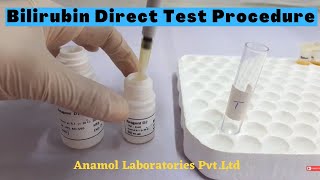 Bilirubin Test Procedure  Bilirubin Direct Test ProcedureIn English [upl. by Eyar]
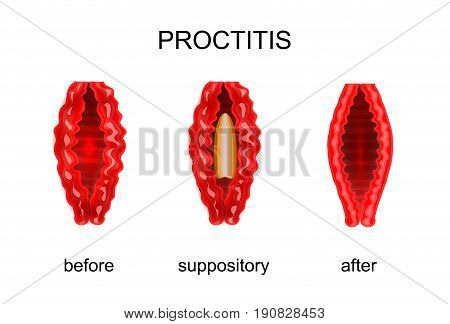 vector illustration of proctitis. before and after treatment of rectal suppositories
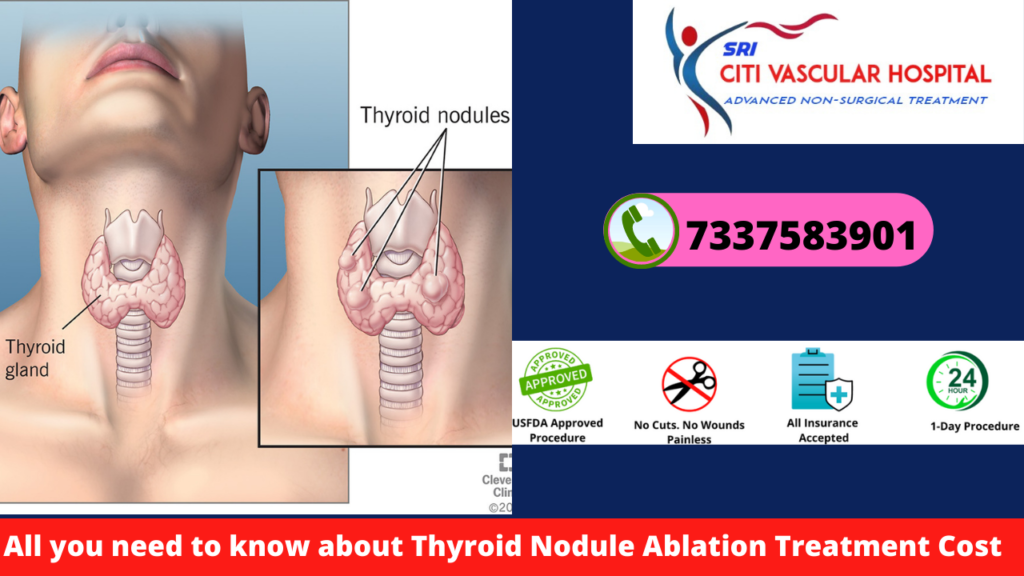 thyroid treatment in hyderabad 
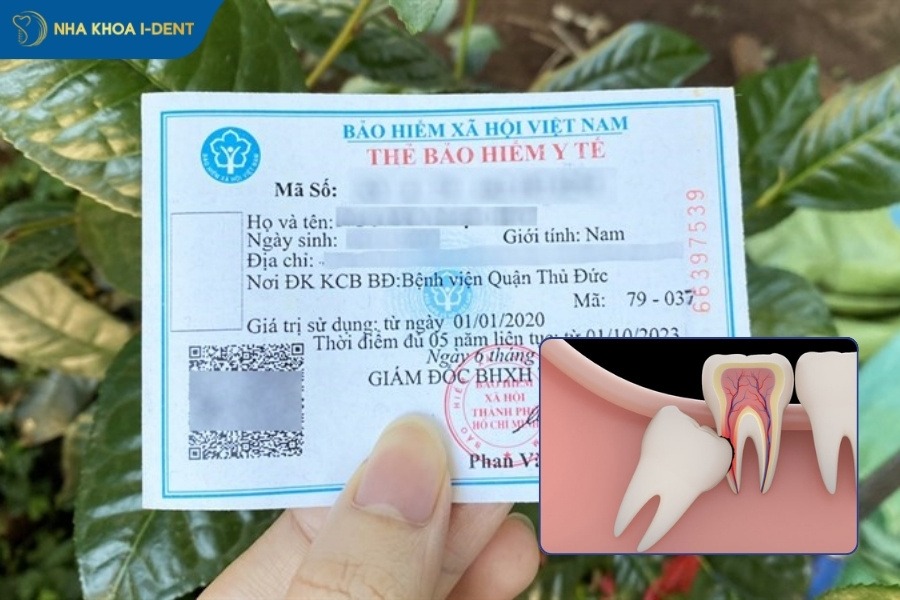 nhổ răng khôn bảo hiểm y tế ở đâu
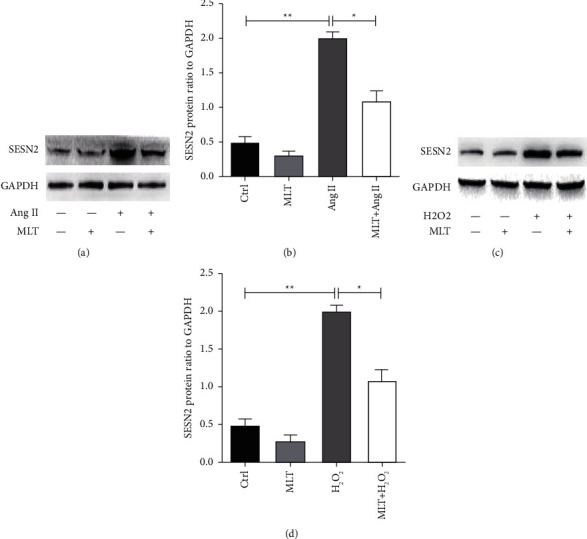 Melatonin Ameliorates Ovarian Hyperstimulation Syndrome (OHSS) through SESN2 Regulated Antiapoptosis.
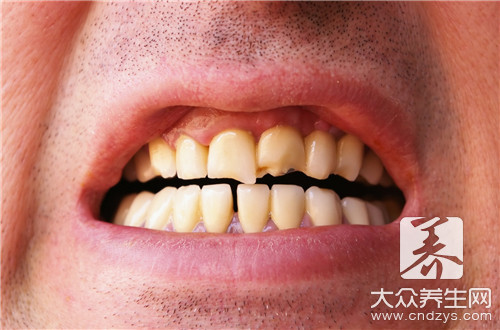 牙齿有横向裂缝是怎么回事？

▸ WORK TASK
If a record holds a picture, leave the picture out and print everything else exactly.

▸ RESULT OF THE EXERCISE
 Bilirubin Test Procedure  Bilirubin Direct Test ProcedureIn English [upl. by Eyar]
 vector illustration of proctitis. before and after treatment of rectal suppositories
 thyroid treatment in hyderabad 
 nhổ răng khôn bảo hiểm y tế ở đâu
 Melatonin Ameliorates Ovarian Hyperstimulation Syndrome (OHSS) through SESN2 Regulated Antiapoptosis.
 牙齿有横向裂缝是怎么回事？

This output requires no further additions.